Finding himself in the same location for a second straight season for the first time since a successful college career at strong Division II Belmont Abbey, Joliet, and independent ball as a whole, may be the place for McGarry to shine for good – and finally, too, after years of toiling through the system.

Bren Spillane, OF, Windy City ThunderBolts

Spillane was a bit of a late bloomer in college at Illinois, but when the 6-foot-4 former Fighting Illini standout finally found his footing, did people ever start to take notice. 

Following a 34th-round MLB Draft selection by the Pittsburgh Pirates out of high school, Spillane was OK in Champaign for his first two seasons (picking up 33 hits in 41 games), then exploded onto the scene during his junior season in 2018, embarking on a monster campaign that featured a .389 batting average, massive .903 slugging percentage, 23 home runs and 60 RBIs in just 50 games. 
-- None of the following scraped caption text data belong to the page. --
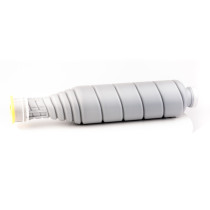 Alternativ-Toner für Konica Minolta TN-710 / 02XF schwarz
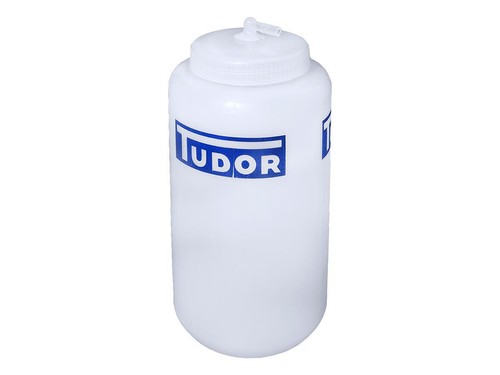 Tudor plastic windscreen - tudor,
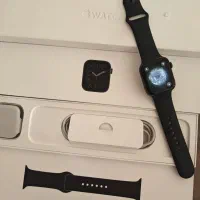 اپل واچ سری۶ ۴۴میل apple watch series 6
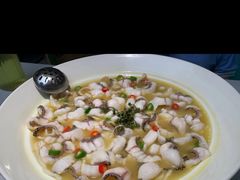 -青花椒花椒鱼(合生汇店)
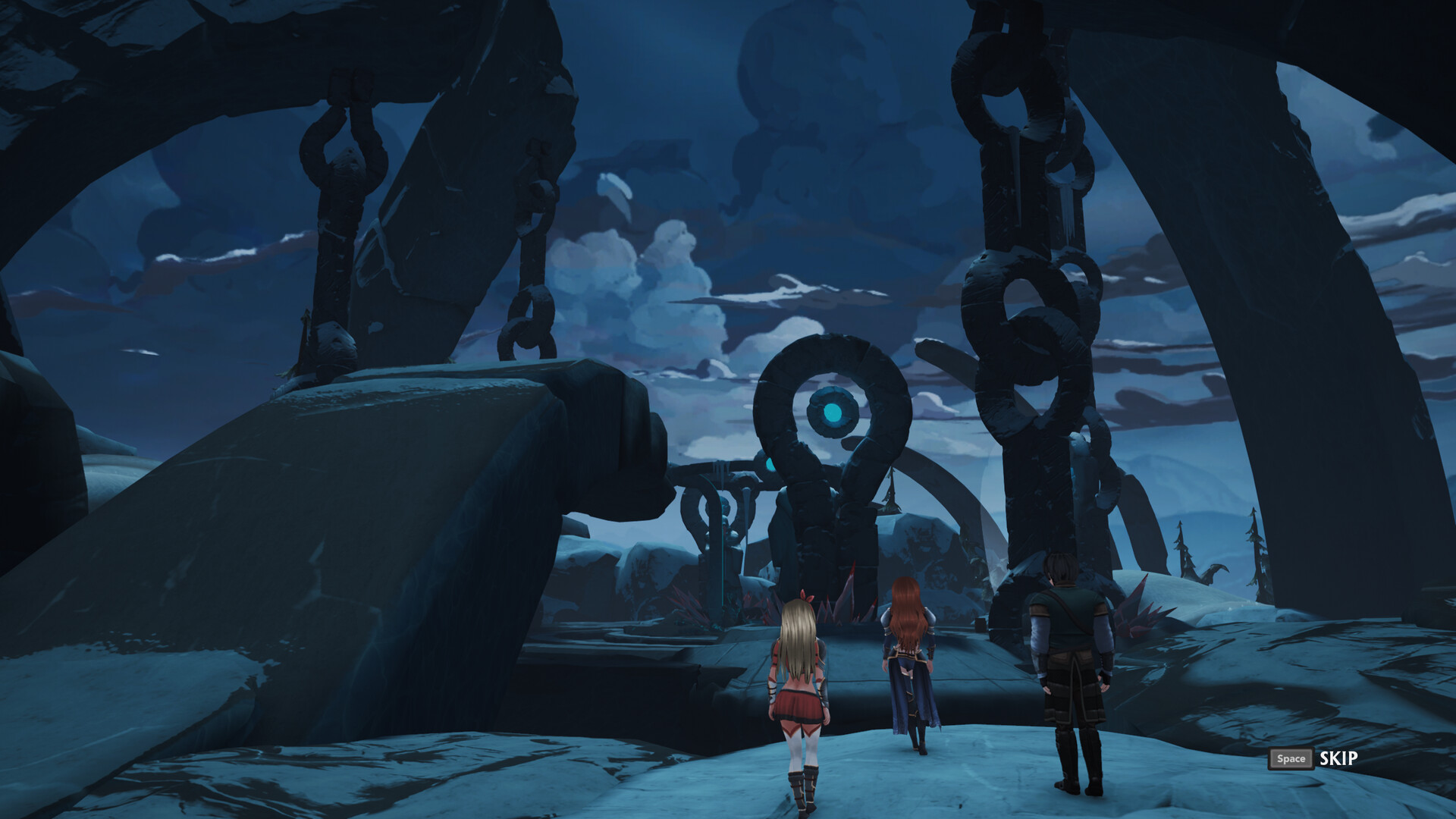 Iragon: Prologue 18+ screenshot 3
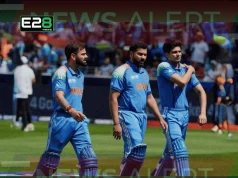 ‘Their presence means a lot’ – Shubman Gill praises Rohit and Kohli’s leadership Rohit Sharma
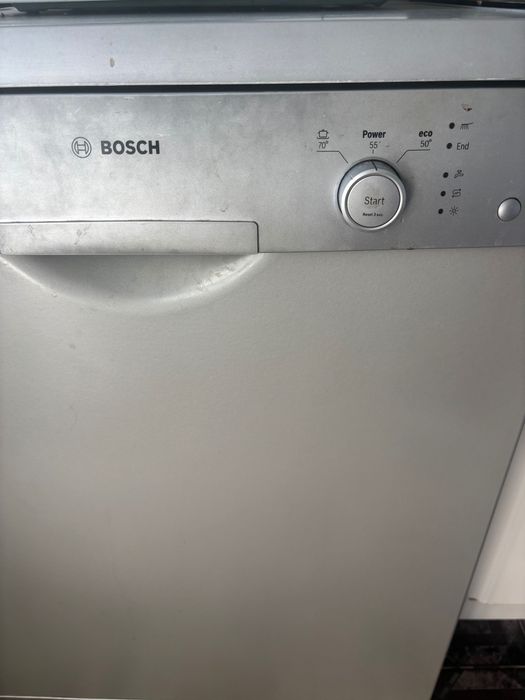 Посудомоечная машина Bosch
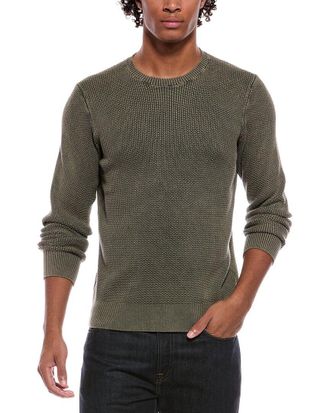 Slowear Crewneck Sweater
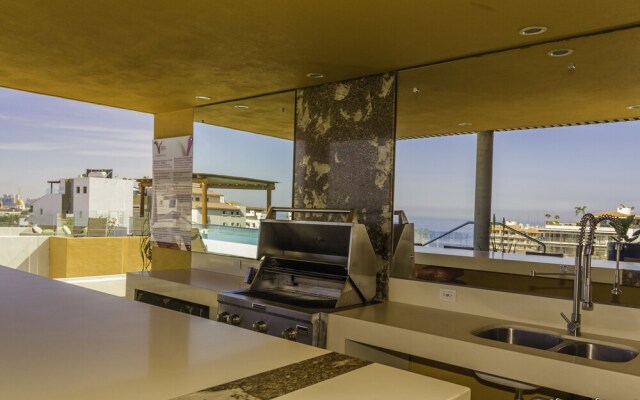 V399 Condo in Puerto Vallarta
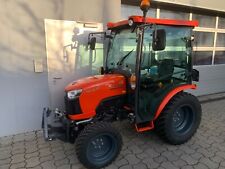 Gebrauchter kubota 261 gebraucht kaufen  Filderstadt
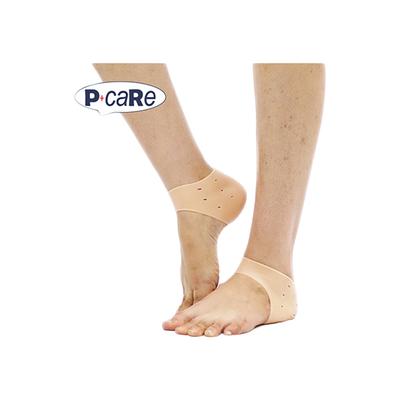 P+caRe Silicone Heel Protector (C3028) (UN) - Ankle/Foot Supports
With sky-high expectations placed on him after winning the prestigious Collegiate Baseball Player of the Year Award – an honor won in the past by the likes of Buster Posey, Stephen Strasburg and Kris Bryant – Spillane was selected by the Cincinnati Reds in the third round in 2018, though struggled in the team’s farm system and found his way to independent ball with Windy City in 2022. 

Following his best year since his historic college season, which included hitting 12 homers with 40 RBIs in 51 games for the ThunderBolts a season ago, Spillane, still just 26, has a ceiling few Frontier players have. Reaching it could be his ticket back to the big leagues.

Chase Dawson, OF, Schaumburg Boomers

Dawson was a great hitter based on just his slash line of .310/.382/.531 alone last season for the Boomers, but those numbers aren’t the reason he’s on this list. 

Rather, it’s because the Indiana native is shockingly good at an uncommon play – the triple. 

The 25-year-old led the Frontier with nine three-baggers in 2021, but he took his ability to get three bases in one go up several notches in 2022, when he broke the league’s all-time single-season record for triples with 24, breaking a record of 16, which stood since 2006. And, he did it in a stunning 51 games.

If you’re looking for a major-league number to compare that to, well, there almost isn’t one in the modern era. 

Cleveland Guardians shortstop Amed Rosario led the MLB (which plays closer to double the number of games as teams in the Frontier do) in triples last year with nine, and no player has recorded that many triples for a major-league franchise since hall of famer Kiki Cuyler’s 26 in 1925.

Former All-Star Curtis Granderson’s 23 for the Detroit Tigers in 2007 is the only number this century anywhere close, and Dawson got his mark in 95 games. 

So, yeah, if you’re a fan of triples, watch this guy.